I/O and utilities for the Consensus Multiple Alignment (CMA) file format.

Consensus Multiple Alignment format, using Biopython alignments.

I/O support and relevant functionality for the Consensus Alignment Format (CMA). This format represents protein sequence alignments. It is used by a few tools by Dr. Andrew F. Neuwald, notably CHAIN and MAPGAPS.

Biopython objects and conventions are used where possible.

Installation

This is an ordinary Python package. You can install it from source with the setup.py script:

python setup.py build
python setup.py install

Stable releases are uploaded to PyPI as well, so you can install BioFrills with Python package managers:

pip install biofrills

Or:

easy_install biofrills

Some scripts that I find useful are in the scripts/ directory. By default these are not installed, but you can include them by uncommenting the line in setup.py that starts with scripts=glob

Alternatively, you can just copy those scripts into another directory in your \$PATH.

What can the CMA format do for me?

• Like the A2M and Stockholm formats, alignments are shown with insertions as lowercase characters and deletions are dashes

• Like the A3M format, alignments are pairwise versus a profile (or “consensus” sequence), which also dictates which sites are indels. By compressing the insert columns, a large of alignment of many divergent (but related) sequences can be shown without filling it will mostly gap characters, as Stockholm can.

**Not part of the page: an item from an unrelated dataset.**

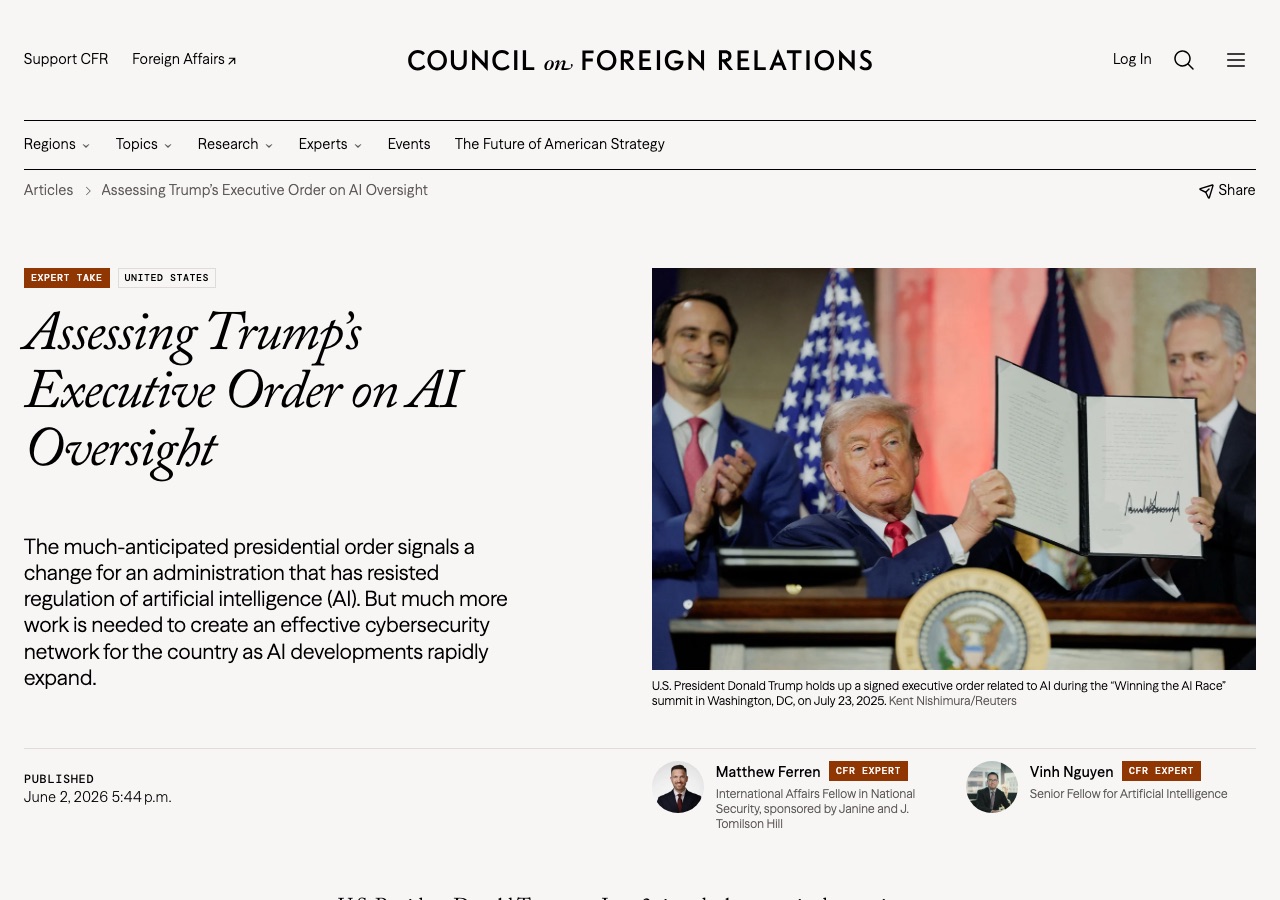 Council on Foreign Relations analysis of Trump's AI executive order — regulatory capture assessment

• Like Stockholm, but unlike A2M and A3M, more than one alignment can be contained in a single file.

• Typically, an ungapped consensus sequence will be included as the first sequence.

• A FASTA-like header contains additional, optional fields for the number of leading and trailing sites and NBCI taxonomy codes

Who uses CMA?

The CMA format appears to have been invented by Dr. Andrew Neuwald at the University of Maryland, and is used in these programs:

Should I use CMA in my own work?

Unless you’re working with MAPGAPS or CHAIN, no.